_The problem_. For this task, output exactly the lines of the material below starting at the line with "COSTWAY Escritorio para" and ending at the line with "MTX Отвертка реверсивна, комплект"; pictures are to be excluded.

_Data in this exercise_.
Segment Open

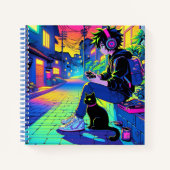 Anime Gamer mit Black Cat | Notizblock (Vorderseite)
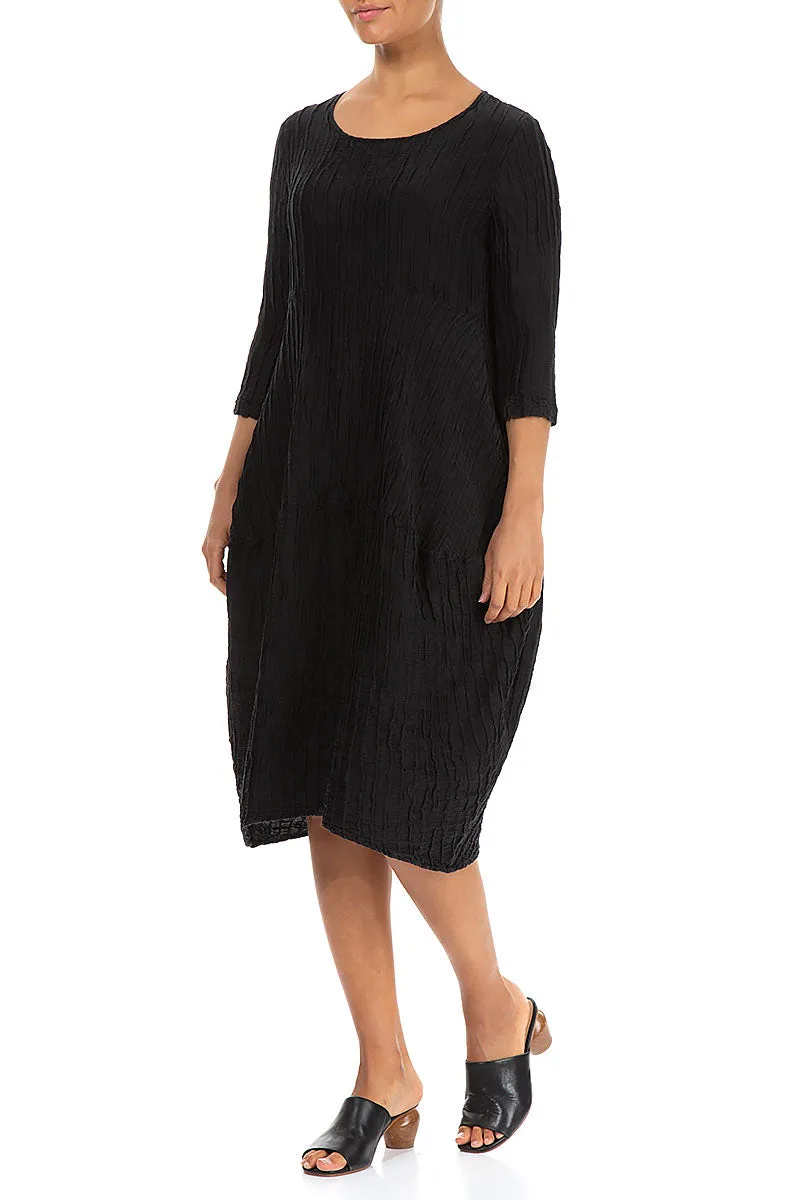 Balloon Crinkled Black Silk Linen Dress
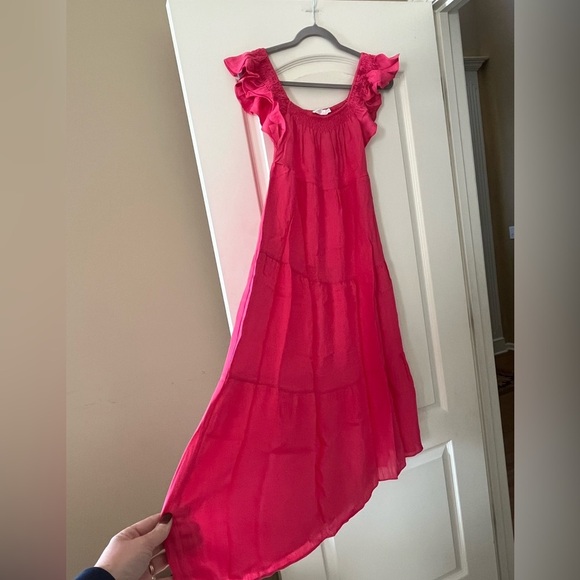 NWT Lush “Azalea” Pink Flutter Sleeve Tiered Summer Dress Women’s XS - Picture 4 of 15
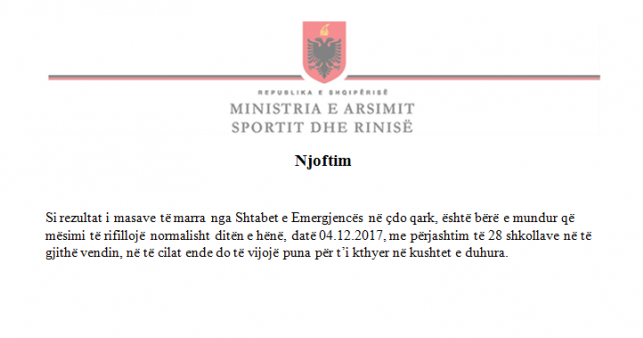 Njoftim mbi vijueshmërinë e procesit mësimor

Segment Closed
Segment Open

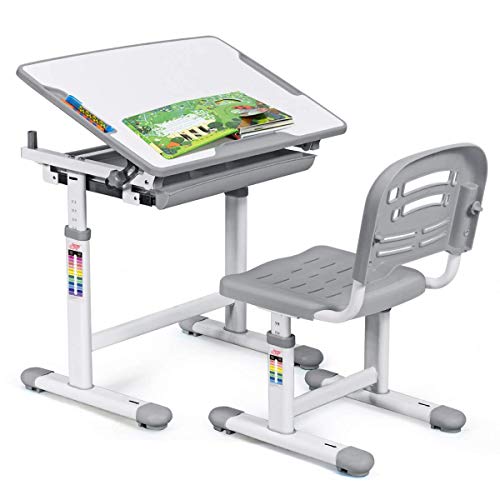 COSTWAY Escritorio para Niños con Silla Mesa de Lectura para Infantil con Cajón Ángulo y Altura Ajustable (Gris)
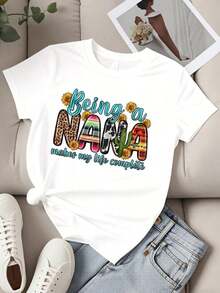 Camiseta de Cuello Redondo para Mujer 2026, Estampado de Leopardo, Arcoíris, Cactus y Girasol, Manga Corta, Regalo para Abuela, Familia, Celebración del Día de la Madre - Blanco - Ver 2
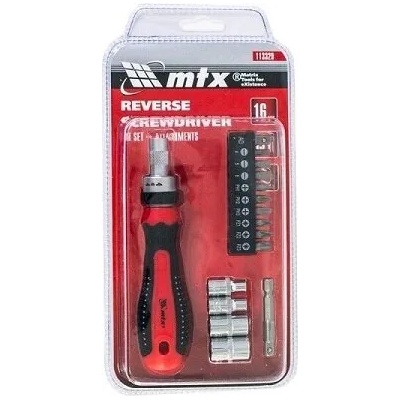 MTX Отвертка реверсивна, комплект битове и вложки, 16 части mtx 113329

Segment Closed
Segment Open

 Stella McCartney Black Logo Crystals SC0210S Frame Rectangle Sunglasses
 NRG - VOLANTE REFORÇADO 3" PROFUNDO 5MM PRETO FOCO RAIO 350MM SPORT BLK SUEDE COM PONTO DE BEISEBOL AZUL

Segment Closed

_Exercise result_.
 COSTWAY Escritorio para Niños con Silla Mesa de Lectura para Infantil con Cajón Ángulo y Altura Ajustable (Gris)
 Camiseta de Cuello Redondo para Mujer 2026, Estampado de Leopardo, Arcoíris, Cactus y Girasol, Manga Corta, Regalo para Abuela, Familia, Celebración del Día de la Madre - Blanco - Ver 2
 MTX Отвертка реверсивна, комплект битове и вложки, 16 части mtx 113329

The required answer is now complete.